From the ENIAC to the Cerebras chip, looking clear-eyed at hardware innovation is frankly amazing.

Microchip and Nvidia logo displayed on a phone screen are seen in this multiple exposure … More
For anybody who did any kind of computing in the 1950s or 1960s, (or for that matter, in the 1970s or the 1980s), the advances that we’ve made in hardware are staggering.
But if you do track them to Moore’s law and really analyze how incremental doubling works, it all sort of makes sense.
If you remember the story about the smartie (in some versions of the tale, the inventor of the game of chess) who asked a king to double a grain of rice 64 times, you get some sense of how this works – an exponential advance that starts out small and reasonable, and ends up in the realm of what people would have originally thought to be fantasy.
It’s all basic math, but it still seems like a magic trick – you’re moving along: 1, 2, 4, 8, 16, 32 – and then you wind up with a number bigger than you can visualize! I also found this aside from Wikipedia, describing the original contriver of this trick, to be riotously funny: “Versions (of the story) differ as to whether the inventor becomes a high-ranking advisor or is executed.”
This idea, too, has been applied to our new AI gold rush – in fact, for students of artificial intelligence minutia, none other than Ray Kurzweil talks about the “second half of the chessboard” phenomenon that goes right to the heart of what I’m trying to articulate – that the first numbers start out seeming very reasonable, until you get about halfway into the series, and then the real exponential change happens. In other words, there’s a slow rise, and then a break point where that line spirals up into the stratosphere.

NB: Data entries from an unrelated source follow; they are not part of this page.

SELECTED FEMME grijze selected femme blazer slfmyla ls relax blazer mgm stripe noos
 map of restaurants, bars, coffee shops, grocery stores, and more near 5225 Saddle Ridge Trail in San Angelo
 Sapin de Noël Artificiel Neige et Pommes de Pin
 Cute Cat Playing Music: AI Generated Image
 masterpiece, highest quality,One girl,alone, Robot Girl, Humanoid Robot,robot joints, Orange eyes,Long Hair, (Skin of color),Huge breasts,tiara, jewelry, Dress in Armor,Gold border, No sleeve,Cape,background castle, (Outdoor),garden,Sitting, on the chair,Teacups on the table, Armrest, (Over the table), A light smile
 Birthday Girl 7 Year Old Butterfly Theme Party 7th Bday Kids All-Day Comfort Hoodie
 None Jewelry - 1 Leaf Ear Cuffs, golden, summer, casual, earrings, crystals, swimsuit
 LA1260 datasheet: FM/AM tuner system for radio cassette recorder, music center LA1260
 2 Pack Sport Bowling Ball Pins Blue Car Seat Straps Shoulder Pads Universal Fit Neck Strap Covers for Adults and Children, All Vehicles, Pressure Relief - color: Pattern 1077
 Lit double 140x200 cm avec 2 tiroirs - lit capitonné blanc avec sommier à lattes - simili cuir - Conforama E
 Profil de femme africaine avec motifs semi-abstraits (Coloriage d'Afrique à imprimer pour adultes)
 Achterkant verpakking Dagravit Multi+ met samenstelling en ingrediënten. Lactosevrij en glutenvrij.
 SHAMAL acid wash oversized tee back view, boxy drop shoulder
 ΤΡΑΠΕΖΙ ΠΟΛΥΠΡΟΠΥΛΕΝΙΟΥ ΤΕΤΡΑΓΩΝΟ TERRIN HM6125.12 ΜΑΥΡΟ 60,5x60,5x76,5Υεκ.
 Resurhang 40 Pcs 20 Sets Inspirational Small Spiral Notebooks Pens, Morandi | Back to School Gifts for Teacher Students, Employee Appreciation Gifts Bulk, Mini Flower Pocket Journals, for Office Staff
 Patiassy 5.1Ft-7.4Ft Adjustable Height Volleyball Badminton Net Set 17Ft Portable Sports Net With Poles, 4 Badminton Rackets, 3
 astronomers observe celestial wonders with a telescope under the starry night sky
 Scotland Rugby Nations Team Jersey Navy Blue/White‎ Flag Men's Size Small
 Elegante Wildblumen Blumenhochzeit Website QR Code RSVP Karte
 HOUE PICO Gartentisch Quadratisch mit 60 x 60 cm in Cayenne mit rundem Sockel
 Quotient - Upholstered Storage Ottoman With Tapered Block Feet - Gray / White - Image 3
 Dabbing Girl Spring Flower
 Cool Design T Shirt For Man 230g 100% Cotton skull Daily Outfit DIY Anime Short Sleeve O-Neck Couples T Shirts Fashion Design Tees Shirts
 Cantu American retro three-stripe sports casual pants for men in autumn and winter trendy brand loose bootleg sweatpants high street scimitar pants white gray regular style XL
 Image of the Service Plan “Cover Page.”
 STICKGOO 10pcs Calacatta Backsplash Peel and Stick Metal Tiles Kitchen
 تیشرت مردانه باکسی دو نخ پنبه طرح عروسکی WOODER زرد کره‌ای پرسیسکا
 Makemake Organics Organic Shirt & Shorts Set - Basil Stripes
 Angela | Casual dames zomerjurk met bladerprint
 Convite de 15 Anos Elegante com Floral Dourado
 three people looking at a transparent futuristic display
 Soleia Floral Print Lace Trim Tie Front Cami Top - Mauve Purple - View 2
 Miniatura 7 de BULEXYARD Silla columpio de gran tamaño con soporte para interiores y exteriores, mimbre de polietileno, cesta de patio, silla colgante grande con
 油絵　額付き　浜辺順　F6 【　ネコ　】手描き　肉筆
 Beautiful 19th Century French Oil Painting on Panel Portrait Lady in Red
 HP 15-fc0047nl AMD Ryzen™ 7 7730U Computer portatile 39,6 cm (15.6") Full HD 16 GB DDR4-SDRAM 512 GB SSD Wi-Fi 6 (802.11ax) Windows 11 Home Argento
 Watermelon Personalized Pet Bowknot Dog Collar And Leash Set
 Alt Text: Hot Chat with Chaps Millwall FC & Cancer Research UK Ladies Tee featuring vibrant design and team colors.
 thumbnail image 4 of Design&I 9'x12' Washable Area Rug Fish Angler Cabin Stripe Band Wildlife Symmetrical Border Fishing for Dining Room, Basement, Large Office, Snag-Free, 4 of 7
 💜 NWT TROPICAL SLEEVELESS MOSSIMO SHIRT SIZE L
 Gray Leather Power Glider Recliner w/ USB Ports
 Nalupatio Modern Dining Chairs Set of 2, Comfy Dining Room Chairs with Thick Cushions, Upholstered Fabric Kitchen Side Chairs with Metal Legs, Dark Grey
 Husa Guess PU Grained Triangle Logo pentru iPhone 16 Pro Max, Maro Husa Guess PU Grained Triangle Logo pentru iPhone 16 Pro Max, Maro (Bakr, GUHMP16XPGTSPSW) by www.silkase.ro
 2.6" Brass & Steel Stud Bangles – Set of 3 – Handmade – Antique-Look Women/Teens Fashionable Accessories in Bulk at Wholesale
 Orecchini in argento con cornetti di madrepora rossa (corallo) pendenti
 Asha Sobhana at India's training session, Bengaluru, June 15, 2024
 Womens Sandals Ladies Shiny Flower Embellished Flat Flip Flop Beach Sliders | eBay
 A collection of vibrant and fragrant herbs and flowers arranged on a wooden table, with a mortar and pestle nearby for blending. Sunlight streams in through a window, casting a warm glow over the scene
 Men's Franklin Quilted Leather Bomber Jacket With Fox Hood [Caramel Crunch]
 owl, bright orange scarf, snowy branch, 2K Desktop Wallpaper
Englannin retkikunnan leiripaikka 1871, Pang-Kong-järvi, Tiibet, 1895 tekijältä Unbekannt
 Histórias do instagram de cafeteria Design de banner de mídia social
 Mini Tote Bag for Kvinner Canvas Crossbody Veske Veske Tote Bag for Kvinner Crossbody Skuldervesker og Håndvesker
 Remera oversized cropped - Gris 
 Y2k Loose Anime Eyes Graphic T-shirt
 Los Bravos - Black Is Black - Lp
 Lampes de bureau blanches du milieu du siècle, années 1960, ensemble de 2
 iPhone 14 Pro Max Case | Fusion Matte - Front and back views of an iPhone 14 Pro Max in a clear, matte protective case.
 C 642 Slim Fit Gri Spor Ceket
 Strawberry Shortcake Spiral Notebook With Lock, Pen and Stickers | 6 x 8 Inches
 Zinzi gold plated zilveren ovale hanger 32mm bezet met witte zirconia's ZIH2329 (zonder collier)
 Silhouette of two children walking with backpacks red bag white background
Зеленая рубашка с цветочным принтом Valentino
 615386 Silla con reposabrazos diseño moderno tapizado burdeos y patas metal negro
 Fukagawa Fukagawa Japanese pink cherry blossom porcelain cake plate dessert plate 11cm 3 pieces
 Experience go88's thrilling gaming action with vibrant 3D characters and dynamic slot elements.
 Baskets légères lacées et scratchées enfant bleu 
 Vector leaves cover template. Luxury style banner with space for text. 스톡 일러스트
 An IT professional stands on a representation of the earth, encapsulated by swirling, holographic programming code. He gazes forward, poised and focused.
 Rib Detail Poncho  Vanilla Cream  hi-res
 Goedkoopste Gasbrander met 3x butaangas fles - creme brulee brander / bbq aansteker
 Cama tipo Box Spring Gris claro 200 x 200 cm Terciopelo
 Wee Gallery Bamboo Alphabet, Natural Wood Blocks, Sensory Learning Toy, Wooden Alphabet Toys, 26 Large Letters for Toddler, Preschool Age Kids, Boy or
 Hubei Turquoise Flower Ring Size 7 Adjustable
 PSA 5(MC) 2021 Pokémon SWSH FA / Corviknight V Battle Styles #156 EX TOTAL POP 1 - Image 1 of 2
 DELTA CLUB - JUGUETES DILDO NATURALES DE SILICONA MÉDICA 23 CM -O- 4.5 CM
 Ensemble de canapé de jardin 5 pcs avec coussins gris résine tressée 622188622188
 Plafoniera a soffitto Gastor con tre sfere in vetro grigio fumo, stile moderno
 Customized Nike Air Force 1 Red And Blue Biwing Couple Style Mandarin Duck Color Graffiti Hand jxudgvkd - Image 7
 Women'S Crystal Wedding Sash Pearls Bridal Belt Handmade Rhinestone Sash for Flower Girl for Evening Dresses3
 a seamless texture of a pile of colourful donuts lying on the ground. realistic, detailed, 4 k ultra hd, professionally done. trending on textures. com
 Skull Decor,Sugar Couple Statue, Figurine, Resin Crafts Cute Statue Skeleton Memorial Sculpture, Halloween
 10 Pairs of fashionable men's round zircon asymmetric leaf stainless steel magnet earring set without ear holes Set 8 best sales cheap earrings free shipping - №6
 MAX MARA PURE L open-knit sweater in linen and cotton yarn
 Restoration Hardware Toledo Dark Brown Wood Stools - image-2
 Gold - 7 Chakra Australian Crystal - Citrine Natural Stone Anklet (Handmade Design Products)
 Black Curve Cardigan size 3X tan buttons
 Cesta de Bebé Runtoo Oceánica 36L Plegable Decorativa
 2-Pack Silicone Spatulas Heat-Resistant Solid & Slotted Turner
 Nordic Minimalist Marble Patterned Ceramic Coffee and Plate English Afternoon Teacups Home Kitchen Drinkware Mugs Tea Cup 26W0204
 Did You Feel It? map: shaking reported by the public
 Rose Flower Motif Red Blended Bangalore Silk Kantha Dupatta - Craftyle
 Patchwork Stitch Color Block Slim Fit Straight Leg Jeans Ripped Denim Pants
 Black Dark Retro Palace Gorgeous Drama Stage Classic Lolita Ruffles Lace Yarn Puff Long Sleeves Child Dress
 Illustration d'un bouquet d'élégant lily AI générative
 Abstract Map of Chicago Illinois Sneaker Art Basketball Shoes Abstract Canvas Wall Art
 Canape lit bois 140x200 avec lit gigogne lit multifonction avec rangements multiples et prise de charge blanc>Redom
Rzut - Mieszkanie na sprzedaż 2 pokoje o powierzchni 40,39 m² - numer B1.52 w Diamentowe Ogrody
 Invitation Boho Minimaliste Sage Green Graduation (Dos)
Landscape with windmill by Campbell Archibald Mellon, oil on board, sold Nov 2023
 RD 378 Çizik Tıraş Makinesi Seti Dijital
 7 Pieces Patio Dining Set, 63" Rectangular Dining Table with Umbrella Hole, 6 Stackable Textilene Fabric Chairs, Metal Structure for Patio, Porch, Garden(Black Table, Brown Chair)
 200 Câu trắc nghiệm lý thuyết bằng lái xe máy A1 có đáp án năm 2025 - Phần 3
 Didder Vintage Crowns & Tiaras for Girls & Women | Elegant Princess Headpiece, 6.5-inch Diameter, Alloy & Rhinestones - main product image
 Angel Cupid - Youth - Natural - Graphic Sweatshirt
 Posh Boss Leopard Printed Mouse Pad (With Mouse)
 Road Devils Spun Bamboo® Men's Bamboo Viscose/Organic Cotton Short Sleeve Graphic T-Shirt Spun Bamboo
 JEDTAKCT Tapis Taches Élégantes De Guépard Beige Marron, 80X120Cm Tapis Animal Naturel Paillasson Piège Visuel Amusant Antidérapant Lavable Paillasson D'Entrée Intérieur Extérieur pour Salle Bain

If you double the grains of rice on a chessboard and come up with 18 quintillion, 446 quadrillion, 744 trillion and change, you get a powerful visual example of how this works.
Well, not a visual example, exactly, because you can’t fit all of those grains of rice into a single image, but a conceptual idea of how it works.
The Frenetic Pace of Hardware Engineering
I previously wrote about the Cerebras WSE chip that’s about the size of a dinner plate, and has some 90,000 cores.
Sources including IEEE Spectrum show that the WSE‑2 (Cerebras CS‑2) delivers approximately 7,500 trillion FP16 operations per second (7.5 petaFLOPS), while the WSE‑3 gets up to 125 petaFLOPS.
This is a powerful thing to hold in your hand, and it demonstrates the power of parallel processing. It wasn’t too many years ago that we were using single core chips, then dual core, then quad core. Well, you get the idea.
Now we have things like the Huawei Cloudmatrix, where they keep some of these numbers under wraps, but you know intuitively that the hardware power is unreal.
Hardware as a Habitat
There was an interesting TED talk given by Caleb Sirak that I attended recently where the young innovator talked about hardware as a “silicon prison.”
He went over the history of hardware acceleration from early systems, measured in millions of operations per second, to then trillions, and even quadrillions.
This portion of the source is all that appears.